┌─ Source records

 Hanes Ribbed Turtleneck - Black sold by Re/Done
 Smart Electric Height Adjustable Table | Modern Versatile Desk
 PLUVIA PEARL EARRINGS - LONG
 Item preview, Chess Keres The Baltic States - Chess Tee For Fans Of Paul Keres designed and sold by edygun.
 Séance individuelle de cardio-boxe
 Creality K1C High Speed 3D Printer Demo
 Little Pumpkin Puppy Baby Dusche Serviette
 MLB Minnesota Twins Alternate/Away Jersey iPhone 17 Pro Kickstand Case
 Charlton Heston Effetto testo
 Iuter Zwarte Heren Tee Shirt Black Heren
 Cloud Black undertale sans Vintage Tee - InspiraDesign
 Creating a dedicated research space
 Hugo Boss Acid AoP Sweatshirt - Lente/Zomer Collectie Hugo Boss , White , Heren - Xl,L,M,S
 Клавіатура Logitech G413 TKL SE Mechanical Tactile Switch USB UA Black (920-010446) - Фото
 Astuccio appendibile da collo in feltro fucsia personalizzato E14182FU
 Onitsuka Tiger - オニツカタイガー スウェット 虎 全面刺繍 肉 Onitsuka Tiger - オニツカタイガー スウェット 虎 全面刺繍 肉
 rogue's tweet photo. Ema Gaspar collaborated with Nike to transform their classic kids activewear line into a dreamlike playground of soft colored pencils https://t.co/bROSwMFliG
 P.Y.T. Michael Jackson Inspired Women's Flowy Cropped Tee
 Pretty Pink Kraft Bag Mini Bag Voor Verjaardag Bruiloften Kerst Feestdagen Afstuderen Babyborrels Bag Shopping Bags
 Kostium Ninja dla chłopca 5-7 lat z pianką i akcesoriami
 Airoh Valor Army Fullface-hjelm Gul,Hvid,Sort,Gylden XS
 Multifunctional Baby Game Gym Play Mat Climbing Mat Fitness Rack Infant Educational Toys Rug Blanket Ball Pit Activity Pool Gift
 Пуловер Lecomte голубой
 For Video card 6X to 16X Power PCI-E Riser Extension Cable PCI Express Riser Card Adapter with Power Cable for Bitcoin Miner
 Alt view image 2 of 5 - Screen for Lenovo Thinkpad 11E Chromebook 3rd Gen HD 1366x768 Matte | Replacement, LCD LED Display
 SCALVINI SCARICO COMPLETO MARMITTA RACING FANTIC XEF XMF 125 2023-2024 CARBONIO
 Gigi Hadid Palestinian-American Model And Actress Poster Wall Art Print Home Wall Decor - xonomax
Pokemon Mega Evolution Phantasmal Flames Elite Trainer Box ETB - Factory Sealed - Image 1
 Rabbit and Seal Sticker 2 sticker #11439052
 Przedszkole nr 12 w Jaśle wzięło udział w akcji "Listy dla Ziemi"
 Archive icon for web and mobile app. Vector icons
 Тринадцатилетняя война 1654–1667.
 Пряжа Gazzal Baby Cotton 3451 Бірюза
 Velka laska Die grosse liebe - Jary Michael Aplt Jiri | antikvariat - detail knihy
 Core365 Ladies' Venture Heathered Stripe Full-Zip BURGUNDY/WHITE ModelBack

└─

Your goal – Every line above is to be transcribed exactly, with nothing missed.

Written answer –
 Hanes Ribbed Turtleneck - Black sold by Re/Done
 Smart Electric Height Adjustable Table | Modern Versatile Desk
 PLUVIA PEARL EARRINGS - LONG
 Item preview, Chess Keres The Baltic States - Chess Tee For Fans Of Paul Keres designed and sold by edygun.
 Séance individuelle de cardio-boxe
 Creality K1C High Speed 3D Printer Demo
 Little Pumpkin Puppy Baby Dusche Serviette
 MLB Minnesota Twins Alternate/Away Jersey iPhone 17 Pro Kickstand Case
 Charlton Heston Effetto testo
 Iuter Zwarte Heren Tee Shirt Black Heren
 Cloud Black undertale sans Vintage Tee - InspiraDesign
 Creating a dedicated research space
 Hugo Boss Acid AoP Sweatshirt - Lente/Zomer Collectie Hugo Boss , White , Heren - Xl,L,M,S
 Клавіатура Logitech G413 TKL SE Mechanical Tactile Switch USB UA Black (920-010446) - Фото
 Astuccio appendibile da collo in feltro fucsia personalizzato E14182FU
 Onitsuka Tiger - オニツカタイガー スウェット 虎 全面刺繍 肉 Onitsuka Tiger - オニツカタイガー スウェット 虎 全面刺繍 肉
 rogue's tweet photo. Ema Gaspar collaborated with Nike to transform their classic kids activewear line into a dreamlike playground of soft colored pencils https://t.co/bROSwMFliG
 P.Y.T. Michael Jackson Inspired Women's Flowy Cropped Tee
 Pretty Pink Kraft Bag Mini Bag Voor Verjaardag Bruiloften Kerst Feestdagen Afstuderen Babyborrels Bag Shopping Bags
 Kostium Ninja dla chłopca 5-7 lat z pianką i akcesoriami
 Airoh Valor Army Fullface-hjelm Gul,Hvid,Sort,Gylden XS
 Multifunctional Baby Game Gym Play Mat Climbing Mat Fitness Rack Infant Educational Toys Rug Blanket Ball Pit Activity Pool Gift
 Пуловер Lecomte голубой
 For Video card 6X to 16X Power PCI-E Riser Extension Cable PCI Express Riser Card Adapter with Power Cable for Bitcoin Miner
 Alt view image 2 of 5 - Screen for Lenovo Thinkpad 11E Chromebook 3rd Gen HD 1366x768 Matte | Replacement, LCD LED Display
 SCALVINI SCARICO COMPLETO MARMITTA RACING FANTIC XEF XMF 125 2023-2024 CARBONIO
 Gigi Hadid Palestinian-American Model And Actress Poster Wall Art Print Home Wall Decor - xonomax
Pokemon Mega Evolution Phantasmal Flames Elite Trainer Box ETB - Factory Sealed - Image 1
 Rabbit and Seal Sticker 2 sticker #11439052
 Przedszkole nr 12 w Jaśle wzięło udział w akcji "Listy dla Ziemi"
 Archive icon for web and mobile app. Vector icons
 Тринадцатилетняя война 1654–1667.
 Пряжа Gazzal Baby Cotton 3451 Бірюза
 Velka laska Die grosse liebe - Jary Michael Aplt Jiri | antikvariat - detail knihy
 Core365 Ladies' Venture Heathered Stripe Full-Zip BURGUNDY/WHITE ModelBack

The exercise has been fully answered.